There's no driver position, though. It could be the left or the right side. Perhaps for drive-thru reasons people would prefer the left, but there's not a lot of required left-handedness when you're not driving.
'primary passenger' then. And my initial thought was that there should be two consoles, then I reverted back to a single console for the driver without making the final leap to, 'oh wait, there is no driver'.
Honestly what I'd like is a safety oriented cabin designed to minimize whiplash. Restrain my head and neck, surround my body with impact absorbing material and put a screen in front of my face and a keyboard within reach of my hands and we're done.
I don't want a large void space inside the passenger area of my car at all.
Parking valets in ultra-cramped garages come particularly to mind for me, after having watched a group of attendants perform an elaborate repositioning of a dozen cars in one of those mechanical-car-lift parking areas with barely enough free space to fit a single car at a time.
This is just stupid. Why would you ever want to completely remove the driving experience? It should be so that I can drive when I want to, and let go when I don't want to.
Oh yea this is great idea. Lets all just not own cars. I can't wait to wait 10 min for a automated taxi to arrive, where the interior is left gross and nasty by the previous riders who were doing God know what inside. Also if you ever need to leave in a hurry (get a call that a loved one is the hospital, etc.) and need to leave right the fuck now, too bad. Also when your shitty taxi arrives it won't go any faster, it is programmed to never break the speed limit.

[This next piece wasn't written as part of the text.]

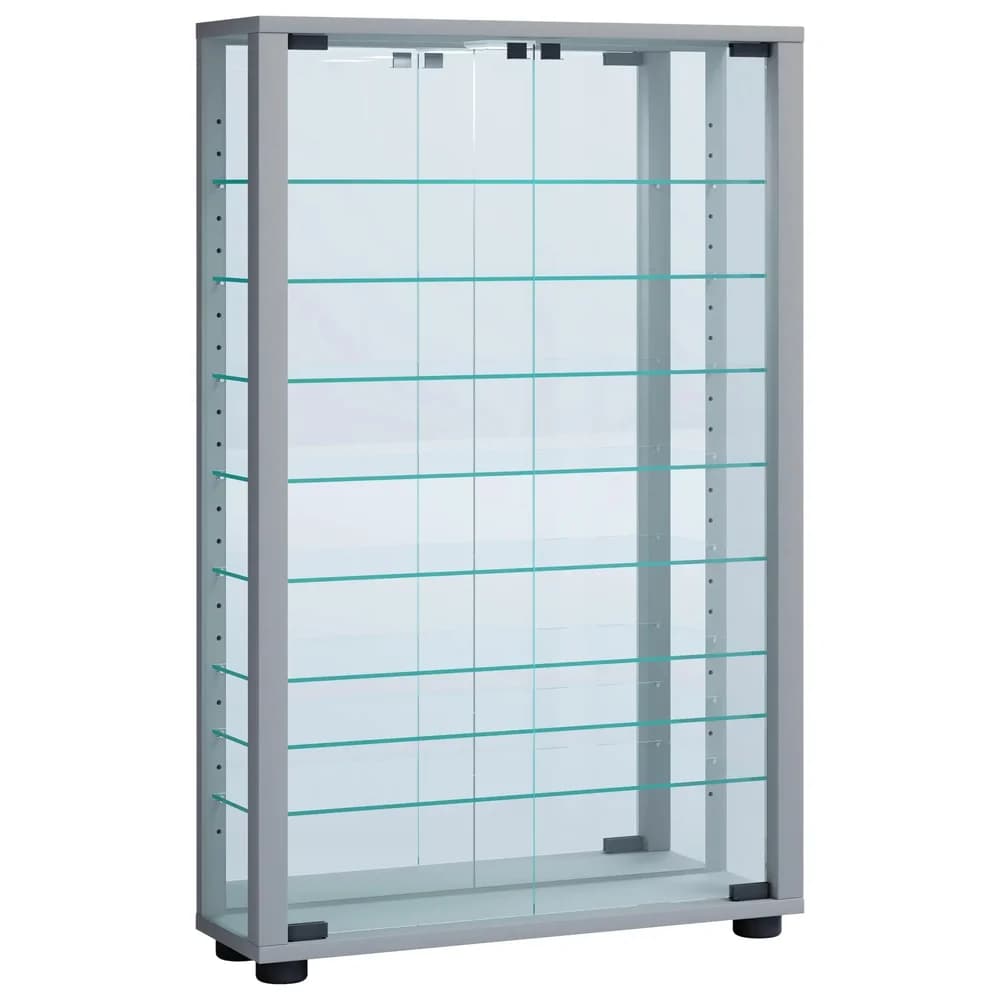Vitrine Lumo ca. 59x91x18 cm Silber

Sounds like fucking HELL. NO WAY, NEVER, EVER, EVER. I will fight to the death to keep manually driven cars.
Tiller steering is dangerous, that's why. I know of someone who did that to a lawnmower and had it ripped out of his hand only to swing around and split his hand open.
Any non-power assisted system can hit you back hard in the right conditions. If something is regularly a pain in the butt to operate then it's going to go away, just like manual steering, synchronized transmissions, non-power assisted brakes and hand crank starters. No need for a law.

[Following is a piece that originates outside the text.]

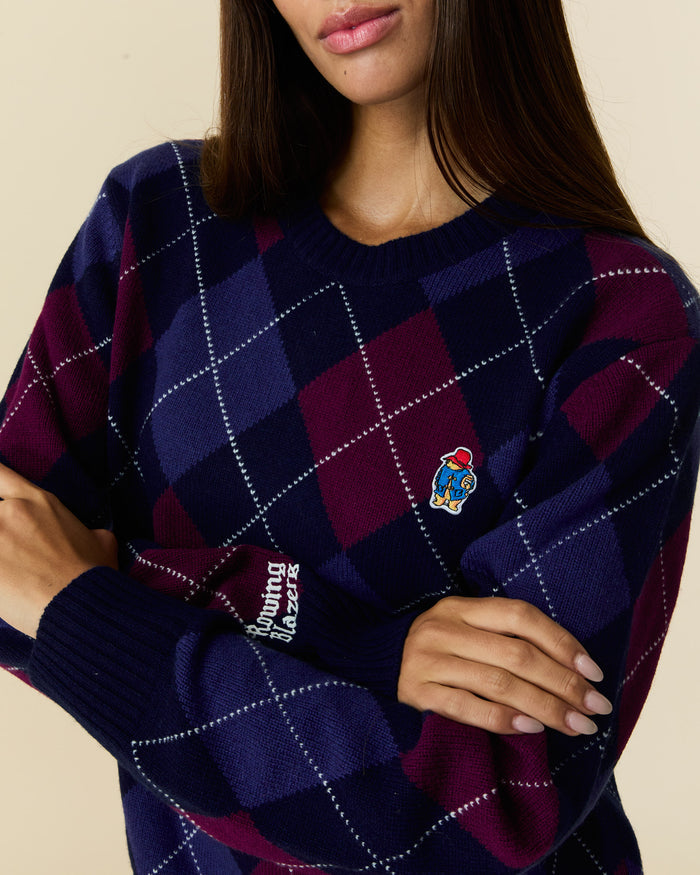 Paddington Cashmere Argyle Sweater Navy and Maroon Argyle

Is this likely to happen in our lifetime? As far as I know it's reasonable from a technology perspective, but I'm imagining this being a profoundly divisive political issue where politicians stall meaningful legislation for decades in the name of liberty (at least in the US). I'm basically imagining a watered down version of the debate over firearm ownership without the obstacle of a constitutional amendment. Maybe I'm projecting present circumstances onto the future a bit too much.
I can imagine it possibly happening on a small scale limited to urban areas in the near future, possibly as an attempt to manage congestion, and I can see trucking being automated (at least on highways with some human intervention) and taxis, but I don't see the public accepting a total transition until the technology has proven trustworthy and seems so obviously more safe than the alternative.
That could happen, but if it did, it would probably require a generational shift in public perspective.
> I don't see the public accepting a total transition until the technology has proven trustworthy and seems so obviously more safe than the alternative.
This would definitely be the minimum requirement, but it would be consistent with history (cigarettes, firearms, climate change, etc.) for people to deny any safety advantages or simply not be persuaded by them long after research suggests safety benefits.
I don’t think that quote works so well with the insane amount of car deaths we have. Cars also being something created by us in the last 150 years. Not some universal things.
If most of the cars on the road are auto-drive, that might be exactly what happens. Imagine trying to negotiate crossing a busy highway when all the other cars know what they're each doing, and you're invisible to them. It'll be 'playing chicken' all day long.
If that's the case then self-driving cars will never take off. What are they only aware of other self-driving cars? How about children? Or a tree that fell in the road? They would have to be aware of any object.
A quick Google search for average car age hints that it's nearly 12 years [0]. Even if everyone buying a new car bought an EV, we're probably 12 years away from 50% of the cars on the road being EVs. And since the age trend is actually increasing, we're probably looking at 13-15 years in actuality. And again, that assumes 100% of new vehicles purchased are EV, which definitely isn't the case.
This doesn't even begin to look at self-driving. We're still years away from reliable level 4 automation.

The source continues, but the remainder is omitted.